On Tue, Feb 11, 2014 at 11:50 AM, Joel Cohen <joel.co...@bluefly.com> wrote:

> It's a custom ingestion process. It does a big DB query and then inserts
> stuff in batches. The batch size is tuneable.
>
>
> On Tue, Feb 11, 2014 at 11:23 AM, Erick Erickson <erickerick...@gmail.com
> >wrote:
>
> > Hmmm, I'm still a little puzzled BTW. 300K documents, unless they're
> > huge, shouldn't be taking 100 minutes. I can index 11M documents on
> > my laptop (Wikipedia dump) in 45 minutes for instance.... Of course
> > that's a single core, not cloud and not replicas...
> >
> > So possibly it' on the data acquisition side? Is your Solr CPU pegged?
> >
> > YMMV of course.
> >
> > Erick
> >
> >
> > On Tue, Feb 11, 2014 at 6:40 AM, Joel Cohen <joel.co...@bluefly.com>
> > wrote:
> >
> > > I'd like to thank you for lending a hand on my query time problem with
> > > SolrCloud. By switching to a single shard with replicas setup, I've
> > reduced
> > > my query time to 18 msec. My full ingestion of 300k+ documents went
> down
> > > from 2 hours 50 minutes to 1 hour 40 minutes. There are some code
> changes
> > > that are going in that should help a bit as well. Big thanks to
> everyone
> > > that had suggestions.
> > >
> > >
> > > On Tue, Feb 4, 2014 at 8:11 PM, Alexandre Rafalovitch <
> > arafa...@gmail.com
> > > >wrote:
> > >
> > > > I suspect faceting is the issue here. The actual query you have shown
> > > > seem to bring back a single document (or a single set of document for
> > > > a product):
> > > > fq=id:(320403401)
> > > >
> > > > On the other hand, you are asking for 4 field facets:
> > > > facet.field=q_virtualCategory_ss
> > > > facet.field=q_brand_s
> > > > facet.field=q_color_s
> > > > facet.field=q_category_ss
> > > > AND 2 range facets, both clustered/grouped:
> > > > facet.range=daysSinceStart_i
> > > > facet.range=activePrice_l (e.g. f.activePrice_l.facet.range.gap=5000)
> > > >
> > > > And for all facets you have asked to bring back ALL of the results:
> > > > facet.limit=-1
> > > >
> > > > Plus, you are doing a complex sort:
> > > > sort=popularity_i desc,popularity_i desc
> > > >
> > > > So, you are probably spending quite a bit of time counting
> (especially
> > > > in a shared setup) and then quite a bit more sending the response
> > > > back.
> > > >
> > > > I would check the size of the result document (HTTP result) and see
> > > > how large it is. Maybe you don't need all of the stuff that's coming
> > > > back. I assume you are not actually querying Solr from the client's
> > > > machine (that is I hope it is inside your data centre close to your
> > > > web server), otherwise I would say to look at automatic content
> > > > compression as well to minimize on-wire document size.
> > > >
> > > > Finally, if your documents have many stored fields (store=true in
> > > > schema.xml) but you only return small subsets of them during search,
> > > > you could look into using enableLazyFieldLoading flag in the
> > > > solrconfig.
> > > >
> > > > Regards,
> > > >    Alex.
> > > > P.s. As others said, you don't seem to have too many documents.

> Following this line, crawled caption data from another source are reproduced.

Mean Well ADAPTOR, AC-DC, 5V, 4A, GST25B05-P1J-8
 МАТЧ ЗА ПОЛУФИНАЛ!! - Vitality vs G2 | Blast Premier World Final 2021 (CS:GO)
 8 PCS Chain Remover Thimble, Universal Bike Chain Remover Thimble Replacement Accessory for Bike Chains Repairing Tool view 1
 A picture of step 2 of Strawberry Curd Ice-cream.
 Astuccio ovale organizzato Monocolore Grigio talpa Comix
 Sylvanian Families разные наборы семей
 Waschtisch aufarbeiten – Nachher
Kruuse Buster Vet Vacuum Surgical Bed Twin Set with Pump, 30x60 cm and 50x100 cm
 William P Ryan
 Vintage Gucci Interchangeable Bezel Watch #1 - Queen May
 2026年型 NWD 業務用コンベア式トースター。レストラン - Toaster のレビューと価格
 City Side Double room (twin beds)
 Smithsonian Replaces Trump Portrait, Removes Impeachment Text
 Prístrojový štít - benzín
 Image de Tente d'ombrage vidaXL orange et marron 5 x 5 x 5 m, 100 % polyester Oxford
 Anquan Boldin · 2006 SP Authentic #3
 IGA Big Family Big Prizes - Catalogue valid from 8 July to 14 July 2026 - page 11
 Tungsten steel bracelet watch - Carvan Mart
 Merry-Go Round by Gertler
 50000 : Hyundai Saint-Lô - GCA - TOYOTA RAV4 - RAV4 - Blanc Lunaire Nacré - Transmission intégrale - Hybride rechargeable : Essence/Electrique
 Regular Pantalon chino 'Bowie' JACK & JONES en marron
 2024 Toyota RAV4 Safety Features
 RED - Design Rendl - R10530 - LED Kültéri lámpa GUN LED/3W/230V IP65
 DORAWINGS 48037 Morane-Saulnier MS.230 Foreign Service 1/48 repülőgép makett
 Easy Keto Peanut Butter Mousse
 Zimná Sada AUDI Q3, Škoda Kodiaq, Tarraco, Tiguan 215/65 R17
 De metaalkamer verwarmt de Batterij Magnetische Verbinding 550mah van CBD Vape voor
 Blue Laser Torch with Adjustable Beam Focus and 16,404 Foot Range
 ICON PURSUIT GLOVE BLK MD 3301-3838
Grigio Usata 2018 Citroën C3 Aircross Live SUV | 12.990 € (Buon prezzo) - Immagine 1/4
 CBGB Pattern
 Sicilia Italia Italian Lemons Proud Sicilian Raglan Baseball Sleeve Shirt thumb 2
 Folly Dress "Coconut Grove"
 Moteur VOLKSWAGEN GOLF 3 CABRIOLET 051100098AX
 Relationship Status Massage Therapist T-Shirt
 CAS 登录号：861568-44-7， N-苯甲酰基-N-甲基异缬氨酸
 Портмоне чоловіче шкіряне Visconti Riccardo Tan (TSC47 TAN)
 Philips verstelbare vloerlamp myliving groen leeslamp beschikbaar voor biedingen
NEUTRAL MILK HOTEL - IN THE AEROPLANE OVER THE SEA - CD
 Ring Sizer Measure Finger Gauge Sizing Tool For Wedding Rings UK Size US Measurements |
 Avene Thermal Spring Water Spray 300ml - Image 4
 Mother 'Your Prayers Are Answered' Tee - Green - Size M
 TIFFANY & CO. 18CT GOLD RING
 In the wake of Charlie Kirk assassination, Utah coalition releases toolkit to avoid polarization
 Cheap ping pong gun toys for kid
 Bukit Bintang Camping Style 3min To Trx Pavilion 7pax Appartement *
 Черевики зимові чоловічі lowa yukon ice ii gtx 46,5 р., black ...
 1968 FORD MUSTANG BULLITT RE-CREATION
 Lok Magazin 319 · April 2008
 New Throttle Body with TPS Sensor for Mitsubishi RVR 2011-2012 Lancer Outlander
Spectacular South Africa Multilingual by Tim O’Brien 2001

> > > > Perhaps you want replication instead of sharding for improved
> > > > performance.
> > > > Personal website: http://www.outerthoughts.com/
> > > > LinkedIn: http://www.linkedin.com/in/alexandrerafalovitch
> > > > - Time is the quality of nature that keeps events from happening all
> > > > at once. Lately, it doesn't seem to be working.  (Anonymous  - via
> GTD
> > > > book)
> > > >
> > > >
> > > > On Wed, Feb 5, 2014 at 6:31 AM, Alexey Kozhemiakin
> > > > <alexey_kozhemia...@epam.com> wrote:
> > > > > Btw "timing" for distributed requests are broken at this moment, it
> > > > doesn't combine values from requests to shards.  I'm working on a
> > patch.
> > > > >
> > > > > https://issues.apache.org/jira/browse/SOLR-3644
> > > > >
> > > > > -----Original Message-----
> > > > > From: Jack Krupansky [mailto:j...@basetechnology.com]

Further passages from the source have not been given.